Another noteworthy result was that FMF patients in our study required more medications for blood pressure management than the control group. This may be due to the higher frequency of clinical visits among FMF patients, who benefit from regular monitoring, leading to a stricter approach to maintaining target blood pressure levels. As a result, FMF patients’ mean SBP may be lower than that of the control group.

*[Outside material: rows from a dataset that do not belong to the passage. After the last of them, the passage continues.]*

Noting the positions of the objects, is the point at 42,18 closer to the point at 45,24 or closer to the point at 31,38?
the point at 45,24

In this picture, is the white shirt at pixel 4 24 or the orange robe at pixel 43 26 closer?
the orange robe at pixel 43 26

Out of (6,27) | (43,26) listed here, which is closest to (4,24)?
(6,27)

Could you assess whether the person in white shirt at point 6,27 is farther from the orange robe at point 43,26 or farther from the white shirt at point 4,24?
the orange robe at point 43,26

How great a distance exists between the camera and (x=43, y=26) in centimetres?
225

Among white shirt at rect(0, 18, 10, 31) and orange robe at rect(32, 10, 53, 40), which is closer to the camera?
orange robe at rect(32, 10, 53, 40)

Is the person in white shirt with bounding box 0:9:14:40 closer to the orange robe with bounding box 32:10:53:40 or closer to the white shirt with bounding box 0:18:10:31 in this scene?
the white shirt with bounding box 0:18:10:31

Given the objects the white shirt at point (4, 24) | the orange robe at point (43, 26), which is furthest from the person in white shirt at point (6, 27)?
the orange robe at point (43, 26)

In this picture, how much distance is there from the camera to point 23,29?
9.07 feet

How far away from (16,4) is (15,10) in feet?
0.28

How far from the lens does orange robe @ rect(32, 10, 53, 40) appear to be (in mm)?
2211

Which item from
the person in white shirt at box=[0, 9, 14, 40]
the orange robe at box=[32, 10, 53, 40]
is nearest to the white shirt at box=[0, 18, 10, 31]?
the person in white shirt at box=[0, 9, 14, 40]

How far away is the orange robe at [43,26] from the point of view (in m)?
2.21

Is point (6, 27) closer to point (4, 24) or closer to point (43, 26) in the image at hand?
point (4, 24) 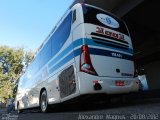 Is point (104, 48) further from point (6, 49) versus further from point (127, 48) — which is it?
point (6, 49)

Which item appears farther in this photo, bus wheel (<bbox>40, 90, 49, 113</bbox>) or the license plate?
bus wheel (<bbox>40, 90, 49, 113</bbox>)

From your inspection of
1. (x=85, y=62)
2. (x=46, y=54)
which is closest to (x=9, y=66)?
(x=46, y=54)

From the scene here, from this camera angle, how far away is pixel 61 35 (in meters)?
8.60

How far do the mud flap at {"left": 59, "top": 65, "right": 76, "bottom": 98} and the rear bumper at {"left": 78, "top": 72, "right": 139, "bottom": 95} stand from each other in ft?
1.26

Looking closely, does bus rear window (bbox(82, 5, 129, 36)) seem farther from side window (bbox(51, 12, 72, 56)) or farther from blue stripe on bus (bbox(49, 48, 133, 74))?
blue stripe on bus (bbox(49, 48, 133, 74))

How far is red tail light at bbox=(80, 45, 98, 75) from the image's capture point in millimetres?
7129

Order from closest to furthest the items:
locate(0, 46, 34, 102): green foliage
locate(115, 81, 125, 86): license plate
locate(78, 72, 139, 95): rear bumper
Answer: locate(78, 72, 139, 95): rear bumper → locate(115, 81, 125, 86): license plate → locate(0, 46, 34, 102): green foliage

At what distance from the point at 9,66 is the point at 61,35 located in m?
44.8

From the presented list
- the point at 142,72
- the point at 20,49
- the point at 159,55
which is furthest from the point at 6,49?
the point at 159,55

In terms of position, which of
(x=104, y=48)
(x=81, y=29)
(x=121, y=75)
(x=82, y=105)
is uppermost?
(x=81, y=29)

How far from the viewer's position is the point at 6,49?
50.8 meters

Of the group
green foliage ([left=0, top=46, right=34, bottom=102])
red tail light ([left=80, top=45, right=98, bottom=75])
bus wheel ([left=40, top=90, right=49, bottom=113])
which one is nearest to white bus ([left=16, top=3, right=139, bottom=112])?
red tail light ([left=80, top=45, right=98, bottom=75])

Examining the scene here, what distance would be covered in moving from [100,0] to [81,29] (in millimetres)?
7014

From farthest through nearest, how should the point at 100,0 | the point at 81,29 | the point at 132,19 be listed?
the point at 132,19
the point at 100,0
the point at 81,29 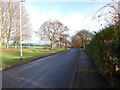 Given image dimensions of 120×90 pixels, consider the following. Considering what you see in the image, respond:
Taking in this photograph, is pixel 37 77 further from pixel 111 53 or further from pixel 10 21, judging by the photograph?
pixel 10 21

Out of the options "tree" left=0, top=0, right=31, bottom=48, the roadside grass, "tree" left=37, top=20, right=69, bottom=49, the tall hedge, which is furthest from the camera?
"tree" left=37, top=20, right=69, bottom=49

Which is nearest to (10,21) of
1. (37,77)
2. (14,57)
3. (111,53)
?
(14,57)

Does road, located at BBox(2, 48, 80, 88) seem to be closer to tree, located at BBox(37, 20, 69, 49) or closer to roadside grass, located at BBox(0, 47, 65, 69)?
roadside grass, located at BBox(0, 47, 65, 69)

This study has certain limitations. First, as a retrospective cohort study, it was not possible to standardize blood pressure measurements. For example, blood pressure in the PatenT 2 study was measured with automatic oscillometric devices, while both mercury and automatic oscillometric devices were used for FMF patients. Additionally, the study’s retrospective nature restricts our ability to establish causality. A prospective design with ambulatory blood pressure monitoring could more accurately assess the relationship between blood pressure, FMF, and amyloidosis. Furthermore, since the PatenT 2 control group represents the general population, the frequency of chronic kidney disease in this cohort is unknown. Finally, genetic analysis was performed in less than half of the patients, limiting our exploration of the effects of genetic variations on HT development. Despite these limitations, the study’s strengths include a large sample size and its status as the most comprehensive investigation on HT prevalence in FMF patients. Additionally, participants on antihypertensive drugs for non–blood pressure reasons, which could mask HT, were excluded, further ensuring accuracy.
5. Conclusion
The prevalence of HT in FMF patients is lower than that in the general population, with FMF patients also achieving better blood pressure control. However, this advantage diminishes with increasing age and declining kidney function, resulting in an elevated HT prevalence in older FMF patients, particularly those with advanced chronic kidney disease. Careful monitoring and proactive management of blood pressure in this population remain essential.
Ethics Statement
The study was conducted in accordance with the Declaration of Helsinki, approved by the Ethics Committee of Hacettepe University (May 22, 2020, GO 20/482), and exempted from informed consent due to its retrospective nature. Written permission to use the PatenT 2 data was obtained from the Board of Directors of the Turkish Hypertension and Kidney Disease Associations.
Conflicts of Interest
The authors declare no conflicts of interest.
Author Contributions
Gozde Kavgaci: data curation (equal), formal analysis (equal), investigation (equal), writing – original draft (equal). Haci Hasan Yeter: formal analysis (equal), investigation (equal). Muge Uzerk Kibar: data curation (equal). Tolga Yildirim: conceptualization (equal), supervision (equal). Banu Balci Peynircioglu: conceptualization (equal), supervision (equal). Seref Rahmi Yilmaz: conceptualization (equal), supervision (equal), writing – review and editing (equal). Yunus Erdem: conceptualization (equal), supervision (equal), writing – review and editing (equal).
All authors have read and agreed to the published version of the manuscript.
Funding
The authors received no financial support for the research, authorship, and/or publication of this article.
Acknowledgments
The authors would like to thank the Turkish Hypertension and Kidney Diseases Association for allowing the use of PatenT 2 study data as the control group in our study.
Open Research
Data Availability Statement
The datasets used and/or analyzed during the current study are available from the corresponding author on reasonable request.